**Work to be completed**: Each entry below needs to be transcribed verbatim; the images should not appear.

Recorded data START

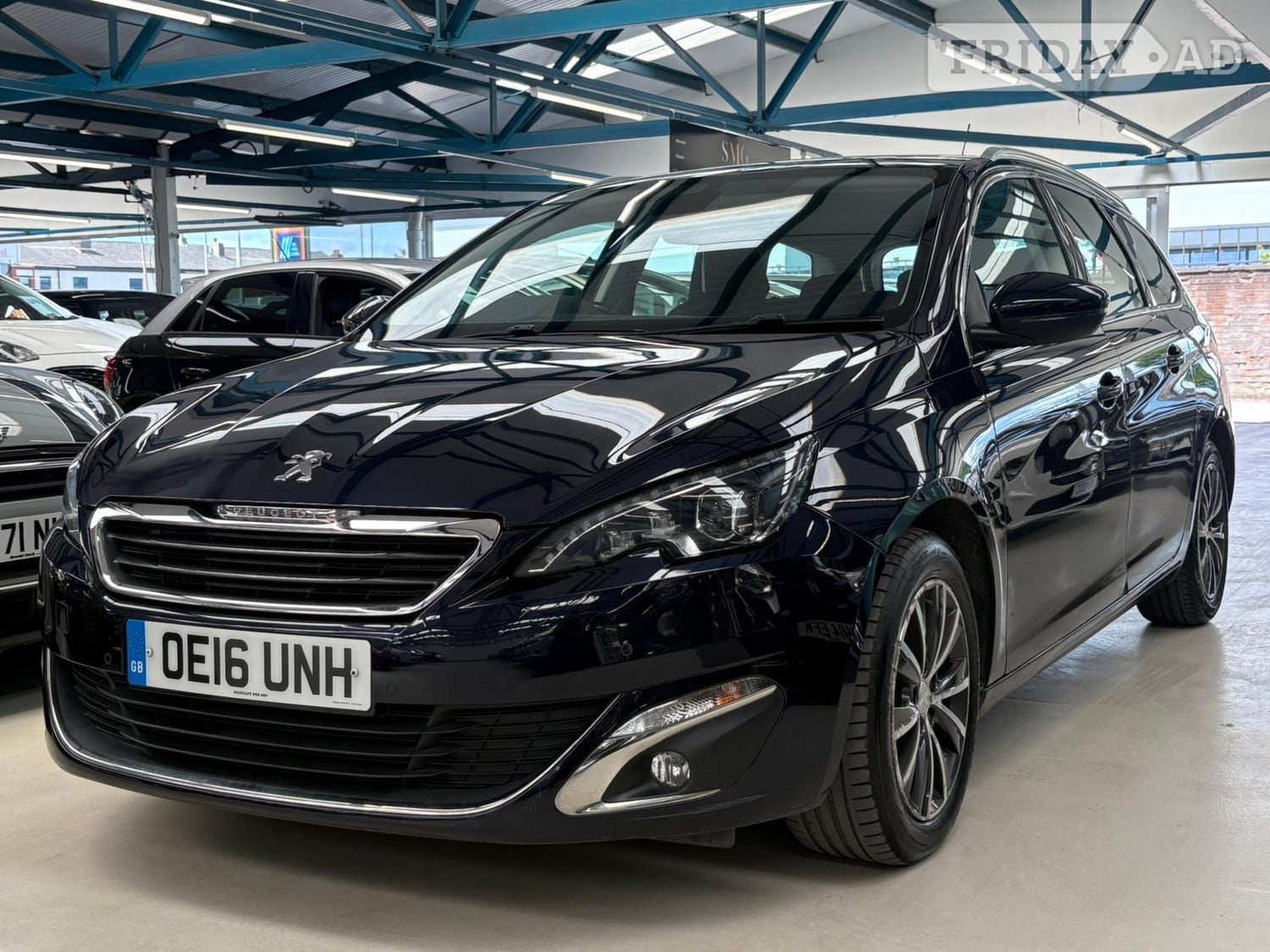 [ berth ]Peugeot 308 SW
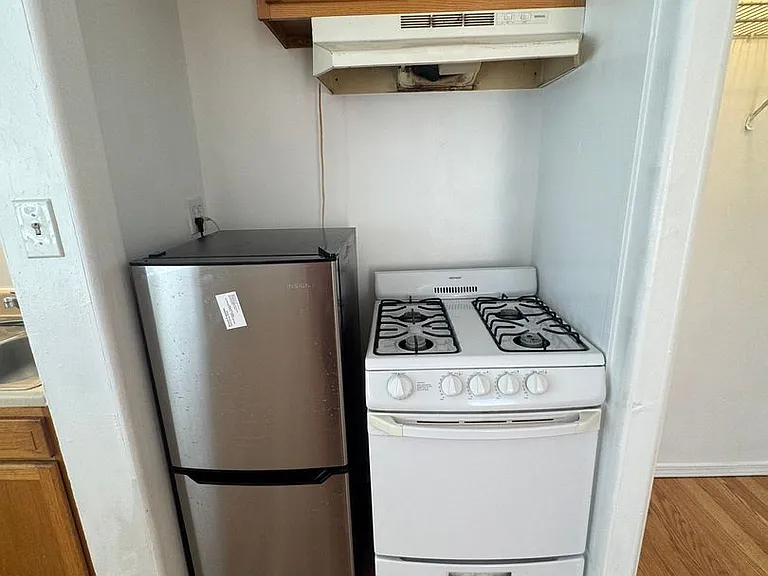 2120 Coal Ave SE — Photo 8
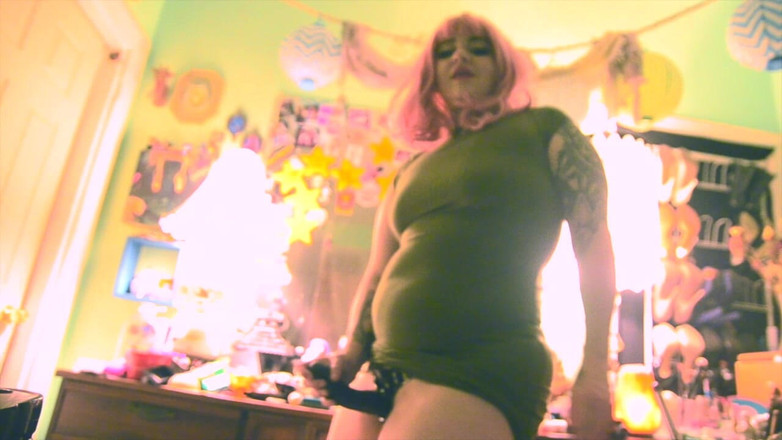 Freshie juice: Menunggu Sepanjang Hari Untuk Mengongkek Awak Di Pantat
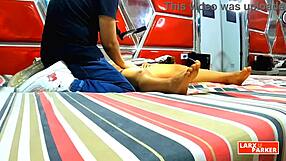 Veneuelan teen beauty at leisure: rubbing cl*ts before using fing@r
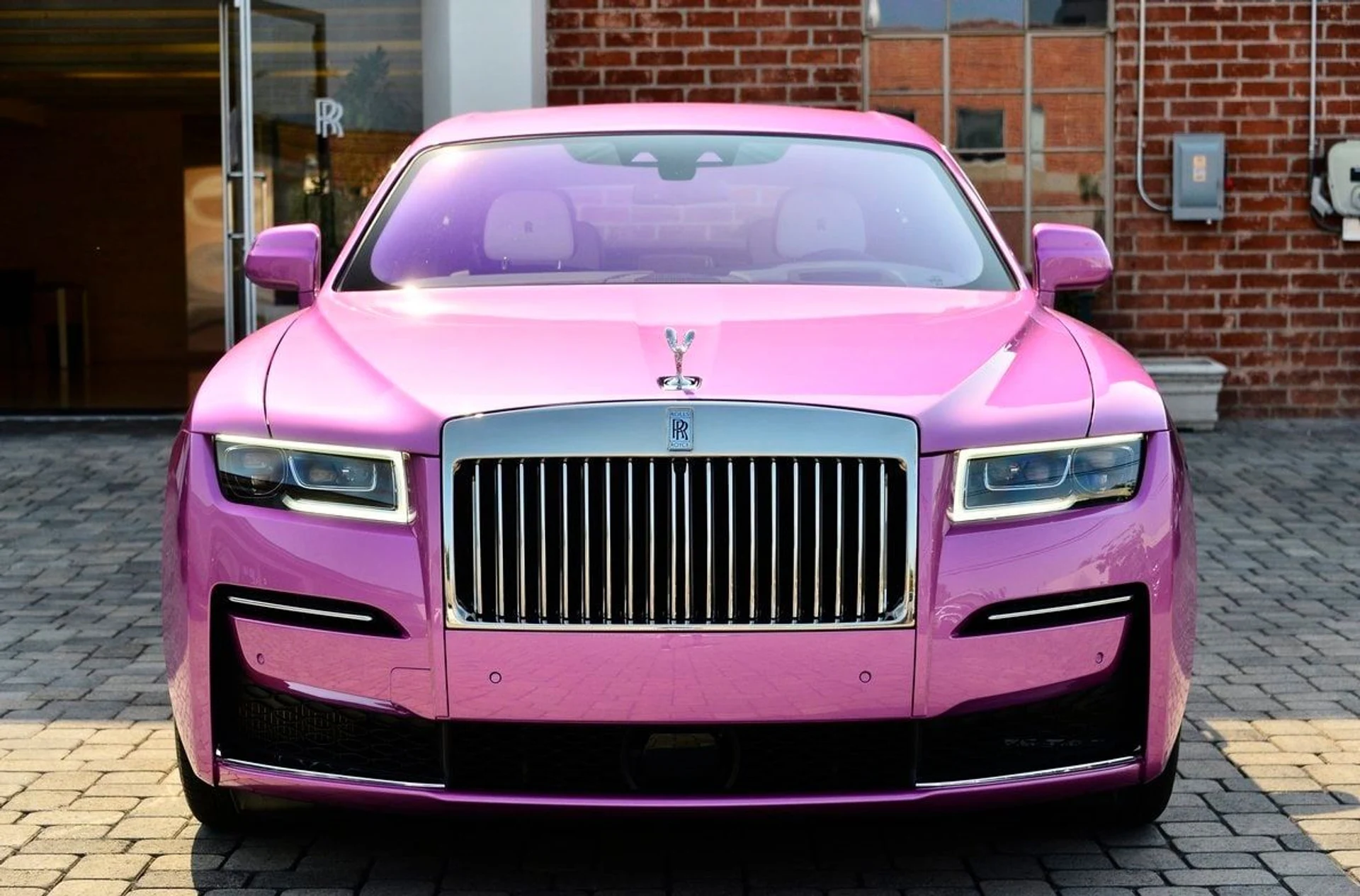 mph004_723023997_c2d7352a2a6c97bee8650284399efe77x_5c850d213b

Recorded data END

**Solution to the exercise**:
 [ berth ]Peugeot 308 SW
 2120 Coal Ave SE — Photo 8
 Freshie juice: Menunggu Sepanjang Hari Untuk Mengongkek Awak Di Pantat
 Veneuelan teen beauty at leisure: rubbing cl*ts before using fing@r
 mph004_723023997_c2d7352a2a6c97bee8650284399efe77x_5c850d213b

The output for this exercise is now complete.